Lösung Arbeitsteilung: Du, Künstler, machst nur die Kunst, jemand anderes vertreibt sie, noch jemand anderes kümmert sich um die Software und wieder jemand nimmt die rechtlichen Zügel in die Hand. Soweit so gut. Wenn die Arbeitsteilung gerecht wäre. Ist sie aber nicht. Ich hatte mal an gemeinsames Arbeiten geglaubt, an gemeinsames Wirtschaften, an eine gemeinsame Zeitkonvention und an eine gemeinsame Geldkonvention. Mittlerweile steckt in allen Kreisläufen Schmutz, Siechtum, Leid … wie kann ich wissen, wenn mir jemand ein Bild abkauft, ob er das Geld, das er mir gibt, rechtens erworben hat? Wie kann ich wissen, ob die Lebensmittel, die ich kaufe und verzehre, fair produziert wurden, wie sehr die Produktion auf dem Leid von Tier und Umwelt gebaut ist (in der Regel sehrer als man denkt) … ich ufere aus, möchte den letzten Abschnitt löschen. Ein Plugin wäre cool, mit dem man in spontan geschriebenen Blogeinträgen wie diesem hier, Schnipsel extegrieren könnte, die Passage einfach ausblenden, sie in einen Giftschrank sperren oder in eine ungare Ecke, so dass der Leser, die Leserin nicht vom Artikel abgelenkt wird, weil das Autorenhirn mal wieder auf einem düsteren Spaziergang durch eine dystopische Welt war.

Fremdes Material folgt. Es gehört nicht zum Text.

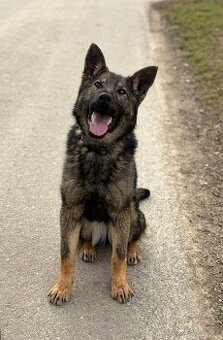 Německý ovčák - fena s PP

Im Shop möchte ich doch einfach nur ein paar Kunstwerke anbieten, im Blog einfach nur ein paar Texte hacken. Der Irgendlink-Shop ist mir eine Abhängigkeitsmaschine geworden. Ich betreibe und pflege keinen anderen Blog, der mit so vielen Plugins bestückt ist wie der Shop. Hier ein Cookie-Plugin, dort was mit DSGVO und als Sahnehäubchen Backup-Plugin, Antispam, eingedeutsche Rechtssicherheit, Schriftartenverwaltung. Ständig kommen Updates (zum Glück gibt es ein Plugin, dass das automatisiert), ständig Änderungen, mal zerschießt es einem die Steuersätze, mal den Warenkorb-Checkout, kurzum, ich bin ein Softwarejunkie geworden und meine Dealerinnen und Dealer sind pfiffige, codende Menschen, die mir das Glück in Form von ‚ich kann dir helfen, Junge‘, lobpreisen. Gefangen in einer endlosen Schleife des Plugin-Installierens, um eine Lücke zu schließen, die ein Plugin gerissen hat, welches rechtlich mittels eines Plugins abgesichert werden muss und so weiter und so fort.

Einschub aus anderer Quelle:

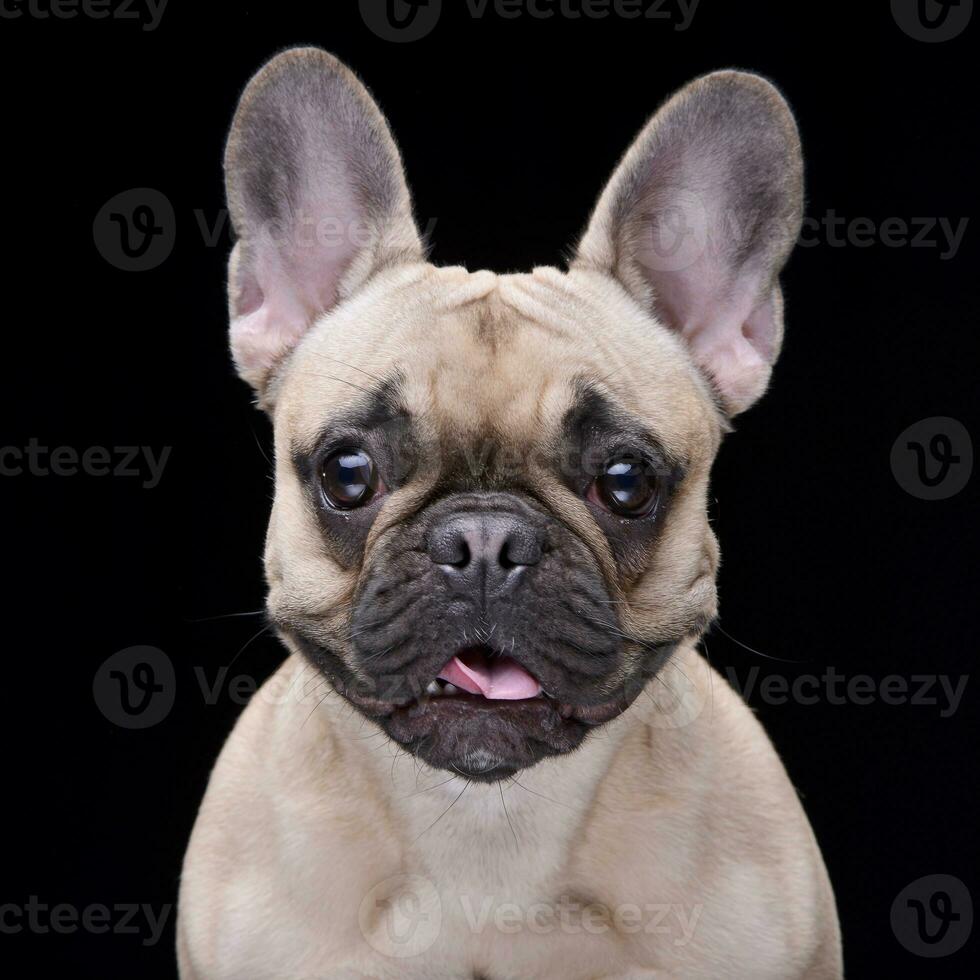 Portrait of an adorable French bulldog photo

Die Welt verlazarusiert sich selbst. Die menschliche Gesellschaft eine Leiche in den Mullbinden binärer Heilsversprechen.

Und nun? Passagen raus? Im Quelltext verstecken? Löschen? Einen Doppelartikel schreiben (eine Version in ‚ganz‘ als privat markiert und eine abgespeckte Version des Artikels als öffentlich markiert)?

Ich lass das mal so.

Im Shop kam übrigens massiv mein ‚Privat-Hack‘ zum Einsatz. In der Rubrik Daily, die über tausend Kunstwerke enthält, habe ich gut 90 Prozent als privat markiert. Das macht sie unsichtbar, aber es gibt sie noch. Fast schon ein kleiner Werksverzeichnis-Hack, ganz ohne auch nur eine Zeile eigenen Code dafür geschrieben zu haben :-)

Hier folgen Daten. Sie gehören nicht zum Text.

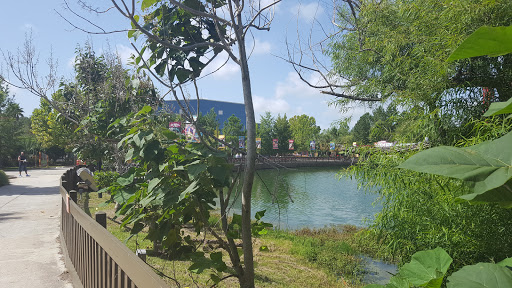 Water Park «Wild Adventures Theme Park», reviews and photos, 3766 Old Clyattville Rd, Valdosta, GA 31601, USA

So. Genug geplaudert. Ich lass das jetzt wirklich so.

2 Antworten auf „Eine Abhängigkeitsmaschine“

  1. Lieber Jürgen,
    auch wenn ich meistens „privat markiert“ bleibe, lese ich dein Blog.
    Wie mal wieder in diesem Beitrag, triffst du exakt mein Außengefühl
    und mein Umgang damit hat mit deinem häufig große Ähnlichkeit.
    Der Versuch, mich den sich ständig wiederholenden Schreckensmeldungen zu entziehen, ist nur ein Beispiel. Dieser Beitrag hier erinnert mich daran, wie ausgeliefert ich mich oft fühle. Gleichzeitig führt er mir aber auch vor Augen, dass ich nicht allein bin, ein eher aussterbendes, seltenes Exemplar, aber nicht allein.
    Und, dieser Beitrag hat mich auch daran erinnert, dass meine jährliche Bestellung wieder ansteht. Ich werde sie auch ganz sicher mit „rechtens erworbenen“ Mitteln bezahlen, versprochen.